La stagione buia era estremamente temuta nelle culture rurali: intanto bisogna tener conto della scarsità delle risorse alimentari disponibili in questo momento dell’anno. Senza i supermercati, con la terra gelata e fredda e le piante ritirate in se stesse per difendersi dal gelo non restano che cavoli, coste e le scorte fatte durante l’estate. Il buio stesso è motivo di timore.
Noi non siamo più abituati visto che l’inquinamento luminoso raggiunge anche le realtà periferiche, ma un tempo, quando l’elettricità non esisteva ancora (meno di un secolo fa, comunque) il buio era veramente buio.
Se la notte arrivava alle cinque del pomeriggio potete ben immaginare quale angoscia poteva generare negli uomini. Allora nascevano storie di spiriti, e fate, e strani esseri di natura o avi scontenti che ne combinavano qualcuna, storie narrate nelle calde stalle o vicino al fuoco.
Ultimo ma non ultimo è il freddo, pungente e forte, dovuto alla lontananza del sole dalla terra. In quel freddo ed in quelle notti nelle campagne nascevano davvero i bambini, dormivano, piccoli e grandi, in stanze con finestre che se avevano il vetro era sottile come carta velina. Al mattino, così mi raccontavano, c’era il gelo: ma dentro, non solo fuori. E così era, da millenni.
Come si può ben immaginare il ritorno della luce significava il ritorno alla speranza, al cibo, al calore, alla vita.
Giungere al Solstizio, superare la Candelora (2 febbraio) erano evidenti segni di poter sopravvivere anche quell’anno alla ciclica “morte”.
Non a caso innumerevoli nascite miracolose e divine vennero collocate in questa data, maschili e femminili, come bimbi sacri che con la loro venuta avrebbero rischiarato le tenebre.
Per farne un’interessante sintesi e a titolo di esempio, riporto quanto pubblicato sul sito Mednat:
- Dionisio o Bacco o Libero, dio del vino della gioia e delle orge di Grecia e Roma.
- Sol Invictus del Vicino Oriente e di Roma, Mithras di Roma, nato in una grotta (da una roccia), culto dei militari e quindi diffuso in tutti gli angoli dell’impero dalle legioni (diverso dal Mithra di Persia nato da una vergine morto e risorto, sembra dopo tre giorni, e diverso da Mitra indiano dio della luce e del giorno) poi, sempre nati insieme all’allungarsi delle ore di luce ci sono : Adone (o Adonis) di Siria, e forse anche il suo corrispondente di Frigia.

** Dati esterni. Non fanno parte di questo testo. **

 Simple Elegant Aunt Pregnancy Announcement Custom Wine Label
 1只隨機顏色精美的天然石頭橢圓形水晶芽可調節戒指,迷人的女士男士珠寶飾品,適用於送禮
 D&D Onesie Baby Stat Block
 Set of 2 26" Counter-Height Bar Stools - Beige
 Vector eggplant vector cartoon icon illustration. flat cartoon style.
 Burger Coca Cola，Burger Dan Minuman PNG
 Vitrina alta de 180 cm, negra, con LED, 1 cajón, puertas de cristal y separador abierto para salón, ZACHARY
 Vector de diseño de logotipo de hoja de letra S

- Attys, nato da una vergine, morto a titolo di sacrificio, e che inoltre risorge il 25 Marzo in corrispondenza anche di data, oltre che di significato, col periodo della Pasqua.

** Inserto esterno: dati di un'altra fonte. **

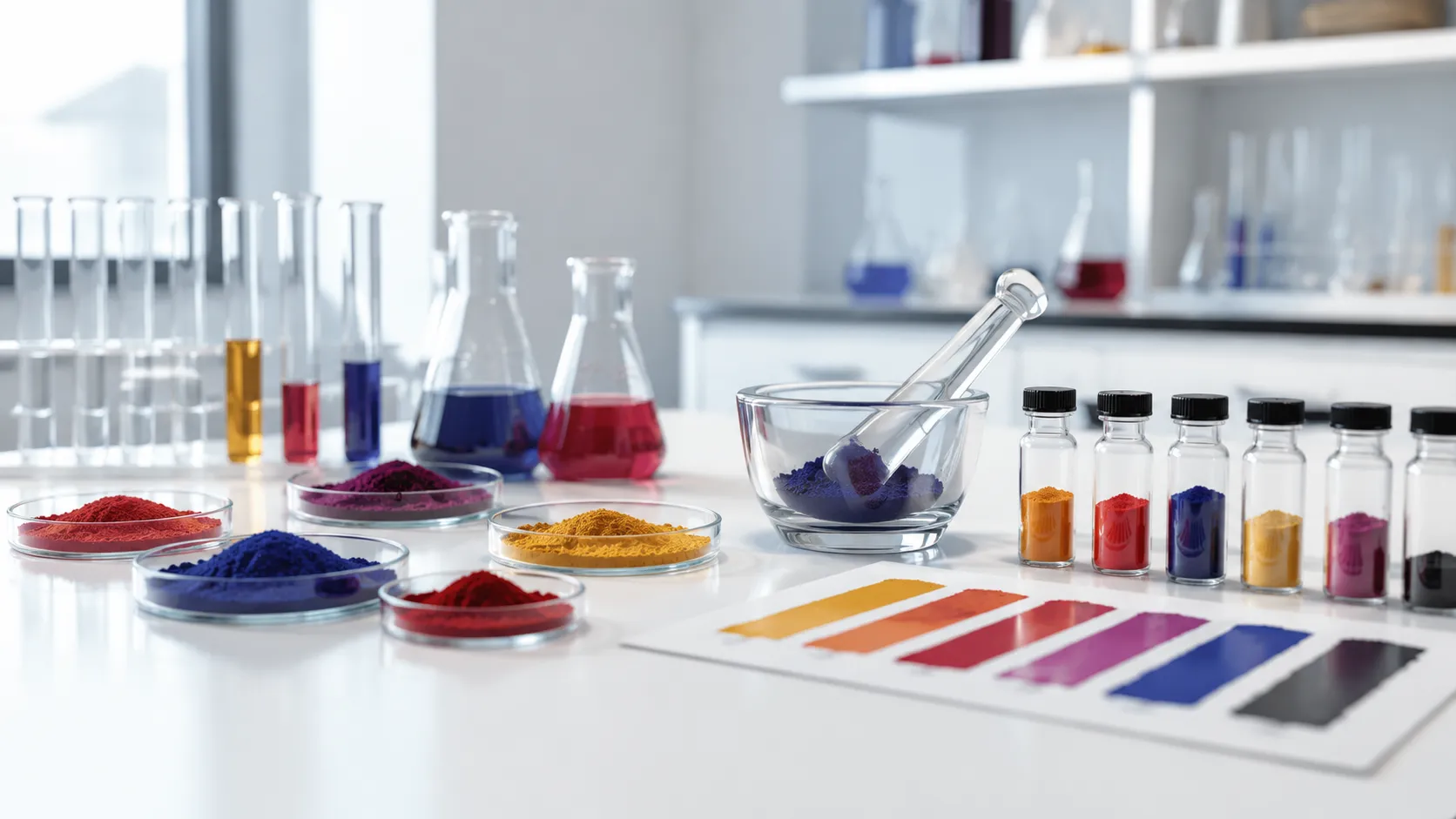 Pigment quality control laboratory equipment featuring colored powders, dye sample, and test instruments AELAB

- Atargatis di Siria, grande dea madre, dea della natura e sua rinascita, chiamata dai romani anche Derketo e dea Syria (la sua festa risulta al 25 Dicembre, quasi con certezza come data di nascita)
- Kybele (o Cibele) dea della Frigia amata da Adone (il 25 Dicembre era festeggiata insieme ad Adone: ma che tale data fosse considerata la nascita in questo caso non è certo, è solo presunto).

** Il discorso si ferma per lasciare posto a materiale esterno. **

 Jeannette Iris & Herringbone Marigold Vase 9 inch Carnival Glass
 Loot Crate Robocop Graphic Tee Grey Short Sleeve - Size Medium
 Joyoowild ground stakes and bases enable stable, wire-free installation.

- Astarte (o Asteroth) della Fenicia, dea suprema, nonché dea della fecondità e dell’amore. Venerata anche dal re Salomone a Gerusalemme (la sua festa risulta al 25 Dicembre, quasi con certezza come data di nascita). Anche essa scese agli inferi e risorse.
- Il dio solare babilonese Shamash del Vicino Oriente.
- Il dio sumero Dumuzi (o Tammuz) la cui morte periodica rituale corrispondente a quella di Adonis era pianta anche alle donne ebree (Ezechiele VIII,14).
- Krishna, (attualmente il dio più importante dell’India) che inizialmente appare nel testo sacro Mahabarata come reincarnato dal dio padre Visnù come un uomo eroico o semidio, e poi si rivela come dio. Era venuto al mondo per riconquistarlo dai demoni. (Notate qualche parallelismo?). Infine Krisna muore ucciso (da una freccia, non sulla croce), ma rinascerà anche lui e come babbo natale porta doni nel cuore della notte.
- Joshua Ben Josef (Gesu’ il Nazireo/nazareno, Galileo, detto il Cristo e Salvatore)
- Baldur in Scandinavia.
- Freyr in Scandinavia.
- Bacab dio dei Maya dello Yucatan (attuali Guatemala e Messico Sud Est).
- Huitzilopochtli
- Quetzocatl entrambi del Messico centrale azteco.
La nascita del Dio o della Dea cadeva dopo i giorni bui del solstizio attorno al 21 dicembre. Dato il moto apparente del sole il buio pareva regnare per tre giorni circa: il 25 dunque la luce tornava – e torna – vittoriosa a trionfare e la consapevolezza condivisa indicava che il ciclo era rinnovato.
Nella nostra cultura il Natale indica la nascita di Gesù Bambino che, secondo la tradizione, avviene proprio questo terzo giorno dopo il solstizio, appena dopo la mezzanotte.
Come abbiamo visto la data era già usata sin dagli albori della civiltà. A Roma la festa del 25 dicembre fu introdotta ufficialmente da Aureliano nel 273 d.C. per festeggiare il Dies Natalis Solis Invicti, la festa dedicata alla nascita del Sole (Mitra) e solo nel III secolo fu sostituita dalla ricorrenza cristiana.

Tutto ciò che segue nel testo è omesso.